New Dinosaur Species Discovered In Madagascar, Called The 'Lonely Bandit'

By Matthew Dougherty , Apr 19, 2013 02:54 PM EDT

A new dinosaur has been discovered in Madagascar that scientists are referring to as the “lonely small bandit.”

Officially called Dahalokely tokana (which means lonely small bandit), the fossils were found in northern Madagascar near the city of Antsiranana.

The dinosaur likely roamed the Madagascar-India landmass 90 million years ago, before the continent slammed into Asia and Madagascar broke off and went down to southern Africa.

"This dinosaur was closely related to other famous dinosaurs from the southern continents, like the horned Carnotaurus from Argentina and Majungasaurus, also from Madagascar," member of the discovery team Joe Sertich said.

Its location on the separated part of the continent makes it possible that the dinosaur could be an ancestor to later species in the Madagascar area.

According to Andrew Farke of the Raymond M. Alf Museum of Paleontology in Claremont, Calif., Dahalokely tokana was a carnivore that stood on two legs and was roughly the size of a cow.

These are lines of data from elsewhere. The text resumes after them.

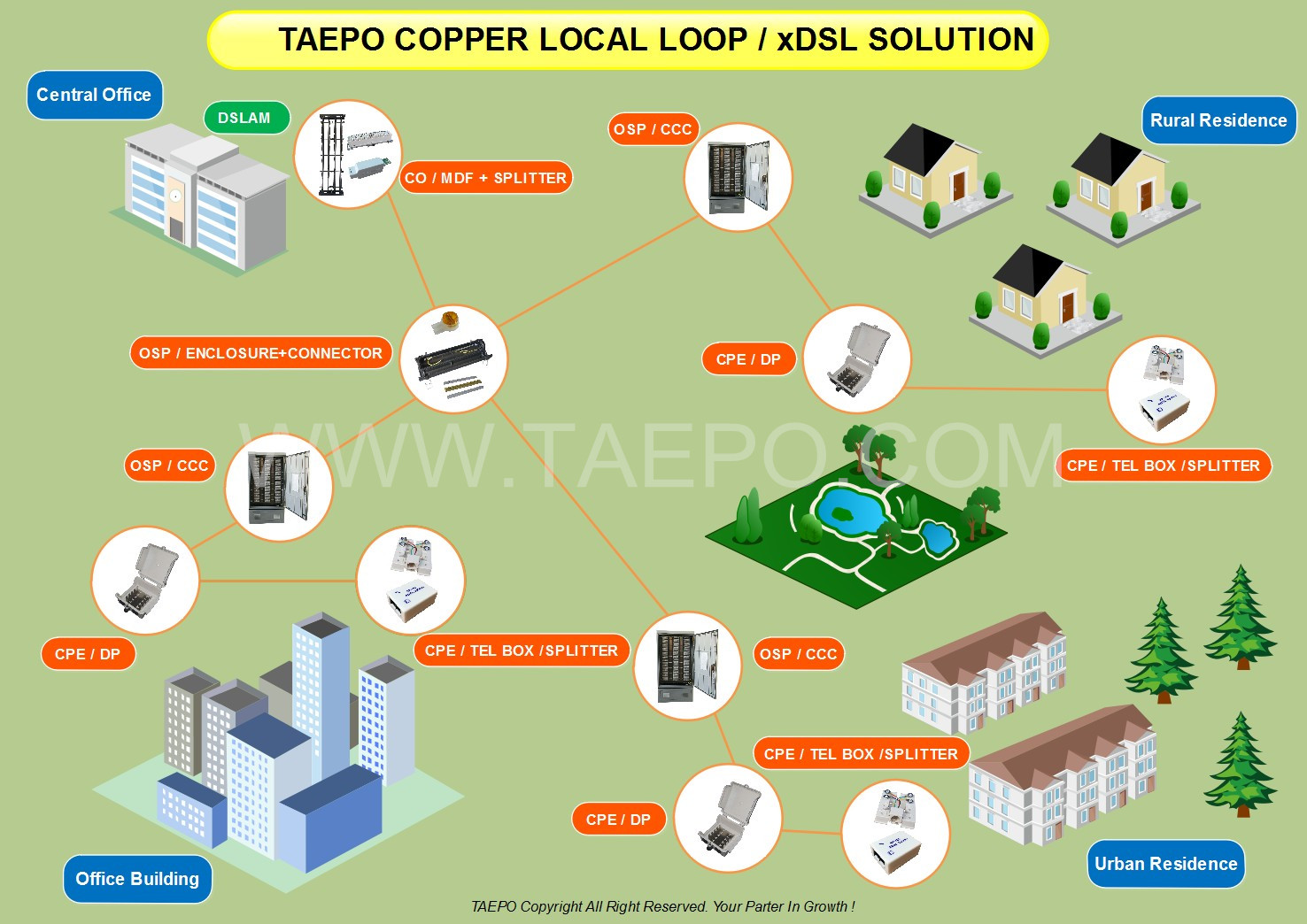 Copper Local Loop / xDSL Solution from TAEPO for ICT copper connectivity,fiber connectivity and structured cabling system 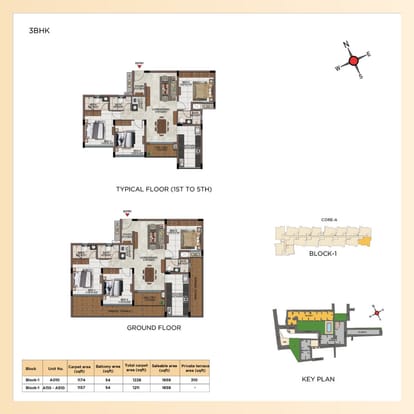 Casagrand Avenue Park Brochure Image 33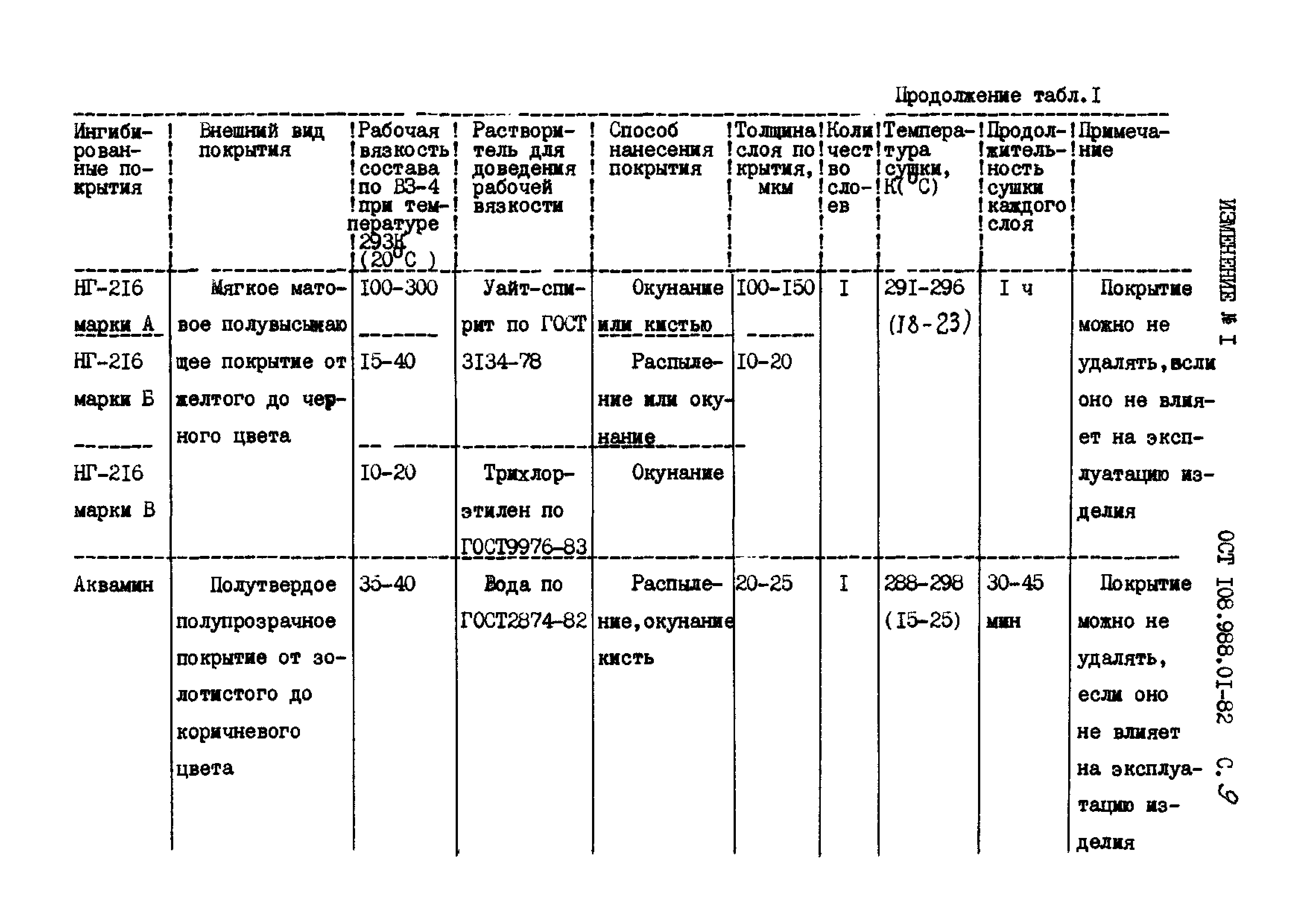 ОСТ 108.988.01-82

It was between nine and 14 feet long.

Farke explained that this new discovery helps diminish what was formerly a 95-million-year gap in the fossil record. Dahalokely tokana shortens that by 20 million years. It also clears up a theory that scientists had about dinosaurs on Madagascar.

"We had always suspected that abelisauroids were in Madagascar 90 million years ago, because they were also found in younger rocks on the island," Farke said. "But the fossils of Dahalokely are tantalizingly incomplete — there is so much more we want to know. Was Dahalokely closely related to later abelisauroids on Madagascar, or did it die out without descendents?"

Abelisauroids lived in the Cretaceous period, with fossils being discovered not only in Madagascar, but other parts of Africa, South America and India.

Dahalokely tokana was excavated back in 2007 and 2010. Ribs and vertebrae were recovered, with scientists noting the uniqueness of cavities on the sides of the vertebrae. These were unlike that of any other dinosaur discovered yet, according to the museum.

The project was financed by the Jurassic Foundation, Sigma Xi, National Science Foundation and the Raymond M. Alf Museum of Paleontology.

Jurassic Park 4 just had some potential new material handed to it.